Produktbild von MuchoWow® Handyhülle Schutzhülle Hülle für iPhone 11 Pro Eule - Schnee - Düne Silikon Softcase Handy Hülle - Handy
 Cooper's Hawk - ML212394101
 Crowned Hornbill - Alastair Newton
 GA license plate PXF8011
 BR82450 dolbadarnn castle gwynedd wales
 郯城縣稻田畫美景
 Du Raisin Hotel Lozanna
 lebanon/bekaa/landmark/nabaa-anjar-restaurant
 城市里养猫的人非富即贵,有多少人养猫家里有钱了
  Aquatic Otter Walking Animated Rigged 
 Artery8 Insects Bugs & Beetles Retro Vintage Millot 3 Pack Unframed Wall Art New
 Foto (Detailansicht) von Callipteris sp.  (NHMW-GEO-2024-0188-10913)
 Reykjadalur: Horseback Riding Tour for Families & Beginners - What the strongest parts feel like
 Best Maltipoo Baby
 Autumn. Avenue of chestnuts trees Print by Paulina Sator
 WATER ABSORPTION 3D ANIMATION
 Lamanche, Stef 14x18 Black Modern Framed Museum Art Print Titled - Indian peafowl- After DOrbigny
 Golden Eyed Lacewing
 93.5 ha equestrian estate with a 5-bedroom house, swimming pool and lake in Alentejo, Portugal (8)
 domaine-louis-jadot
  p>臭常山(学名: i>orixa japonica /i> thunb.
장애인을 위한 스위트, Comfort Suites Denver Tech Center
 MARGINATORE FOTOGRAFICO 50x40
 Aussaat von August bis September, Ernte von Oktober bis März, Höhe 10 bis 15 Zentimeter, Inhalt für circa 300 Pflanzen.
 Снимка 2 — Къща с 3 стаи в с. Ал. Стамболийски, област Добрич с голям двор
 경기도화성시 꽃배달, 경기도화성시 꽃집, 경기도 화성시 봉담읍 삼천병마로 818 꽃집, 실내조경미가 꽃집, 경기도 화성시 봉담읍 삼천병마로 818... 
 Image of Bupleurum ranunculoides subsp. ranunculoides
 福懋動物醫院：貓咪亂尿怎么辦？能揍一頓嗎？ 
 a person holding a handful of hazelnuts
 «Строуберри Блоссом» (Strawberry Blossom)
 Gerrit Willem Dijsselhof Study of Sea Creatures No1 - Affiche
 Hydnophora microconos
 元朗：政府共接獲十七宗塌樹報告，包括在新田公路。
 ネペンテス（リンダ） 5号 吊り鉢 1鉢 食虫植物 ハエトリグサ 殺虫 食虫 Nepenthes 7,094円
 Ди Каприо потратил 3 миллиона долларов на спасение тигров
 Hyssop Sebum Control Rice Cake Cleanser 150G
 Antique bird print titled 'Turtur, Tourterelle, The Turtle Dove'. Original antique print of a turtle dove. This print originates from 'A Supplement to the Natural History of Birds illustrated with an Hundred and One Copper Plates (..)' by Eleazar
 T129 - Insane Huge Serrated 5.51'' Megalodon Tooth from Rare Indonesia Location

• [Your instructions] Show every line in the listing above that carries the word "with".

• [Completed task]
 93.5 ha equestrian estate with a 5-bedroom house, swimming pool and lake in Alentejo, Portugal (8)
 Antique bird print titled 'Turtur, Tourterelle, The Turtle Dove'. Original antique print of a turtle dove. This print originates from 'A Supplement to the Natural History of Birds illustrated with an Hundred and One Copper Plates (..)' by Eleazar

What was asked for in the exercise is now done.